Time-Series [1:100] from 1860 to 1959: 5 3 0 2 0 3 2 3 6 1 ...
The first thing we want to get a sense of is how the numbers are
distributed. The best way to this is to use a histogram. A
histogram is a bar chart where we bin the count the number of
observations that fall in a defined range. I allows us to quickly
notice important properties. R
has a function for computing this
built in.
hist(precip)
We can imporove this by passing two parameters. The first is designating
a color (col
) and the second is not computing the frequency counts but
instead dividing by the total observations in our sample.
hist(precip,col="steel blue",freq=FALSE)
Two important and frustrating things to note about histograms. They
are highly dependant on the number of bins we choose. We will show an
example below of manually setting the bins. Second there is no
general algorithm for setting the number of bins. We can only repeat
it for an increasing number of bins and stop when the shape is stable.
Now we are also supressing the printing of a title. For more
parameters of hist
type ?hist
at the console prompt. Histograms
were first introduced by Karl Pearson.
hist(precip,breaks=10,col="steel blue",freq=FALSE)
hist(precip,breaks=200,col="steel blue",freq=FALSE)
The ugly history of statistics
Karl Pearson was a British mathematician. He is considered the founder of mathematical statistics. Dr. Pearson established the first department of statistics in the world at University College, in London. However, he was also the founding editor of the Annals of Eugenics. Dr. Pearson advocated for the restriction of immigration by Jewish people to Britain on the basis that ``this alien Jewish population is somewhat inferior physically and mentally to the native population.'' 2 He also thought that war between the races was inevitable.

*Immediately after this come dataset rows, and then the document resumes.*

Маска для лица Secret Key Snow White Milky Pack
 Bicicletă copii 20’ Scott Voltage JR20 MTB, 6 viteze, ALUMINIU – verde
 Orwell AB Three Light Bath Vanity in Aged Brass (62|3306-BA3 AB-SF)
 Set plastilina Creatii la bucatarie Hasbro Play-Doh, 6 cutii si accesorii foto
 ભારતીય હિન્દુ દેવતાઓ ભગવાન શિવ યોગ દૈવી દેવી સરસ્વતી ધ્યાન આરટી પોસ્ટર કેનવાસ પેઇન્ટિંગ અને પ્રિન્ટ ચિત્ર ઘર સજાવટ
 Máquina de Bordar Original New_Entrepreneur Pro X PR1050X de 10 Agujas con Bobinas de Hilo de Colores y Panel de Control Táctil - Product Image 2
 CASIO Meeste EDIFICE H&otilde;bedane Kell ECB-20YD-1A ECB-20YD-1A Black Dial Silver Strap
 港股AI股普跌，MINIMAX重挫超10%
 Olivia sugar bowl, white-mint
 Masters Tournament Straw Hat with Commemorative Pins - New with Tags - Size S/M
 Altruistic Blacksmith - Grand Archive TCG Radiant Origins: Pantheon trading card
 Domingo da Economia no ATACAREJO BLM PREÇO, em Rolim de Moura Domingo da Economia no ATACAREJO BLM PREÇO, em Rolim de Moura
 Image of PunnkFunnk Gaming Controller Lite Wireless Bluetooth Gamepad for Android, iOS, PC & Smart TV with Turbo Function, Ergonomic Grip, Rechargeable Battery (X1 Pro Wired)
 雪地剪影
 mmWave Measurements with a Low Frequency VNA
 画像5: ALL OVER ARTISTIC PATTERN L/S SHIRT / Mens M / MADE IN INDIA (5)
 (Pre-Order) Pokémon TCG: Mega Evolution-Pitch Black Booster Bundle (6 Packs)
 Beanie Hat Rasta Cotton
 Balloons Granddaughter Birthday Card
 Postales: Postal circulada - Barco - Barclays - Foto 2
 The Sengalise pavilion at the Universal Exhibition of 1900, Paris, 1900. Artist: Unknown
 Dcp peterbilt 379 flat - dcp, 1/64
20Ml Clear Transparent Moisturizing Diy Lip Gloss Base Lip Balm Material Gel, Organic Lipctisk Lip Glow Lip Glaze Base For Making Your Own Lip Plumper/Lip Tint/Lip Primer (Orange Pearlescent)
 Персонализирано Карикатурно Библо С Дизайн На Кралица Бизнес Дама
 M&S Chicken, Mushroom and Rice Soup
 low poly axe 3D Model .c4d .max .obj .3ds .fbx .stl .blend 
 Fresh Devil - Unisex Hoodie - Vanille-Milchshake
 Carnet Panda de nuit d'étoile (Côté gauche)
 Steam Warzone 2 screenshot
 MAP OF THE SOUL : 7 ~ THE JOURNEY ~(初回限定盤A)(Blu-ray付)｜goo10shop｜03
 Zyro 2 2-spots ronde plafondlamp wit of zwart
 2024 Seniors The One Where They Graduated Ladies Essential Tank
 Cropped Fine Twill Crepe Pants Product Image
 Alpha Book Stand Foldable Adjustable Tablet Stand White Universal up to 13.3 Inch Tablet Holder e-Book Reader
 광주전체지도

A number of prominent founders of statistics and biostatistics shared Dr. Pearson's views. I find that these embarassing facts are often left out fo the history of statistics. I think it is important to remember these ugly warts so that we can separate these important contributions from the ugly politics of their inventors allowing us to use our research to make rather than inhibit social progress.
Stem and leaf plots
Another older technique for exploring data is to draw a stem and leaf plot. These were popularized by John Tukey in his book Exploratory Data Analysis 3. The leading digits of the data are the stems while the final digits are the leaves. The graph is drawn left to right with a vertical line separating the stem and leaves.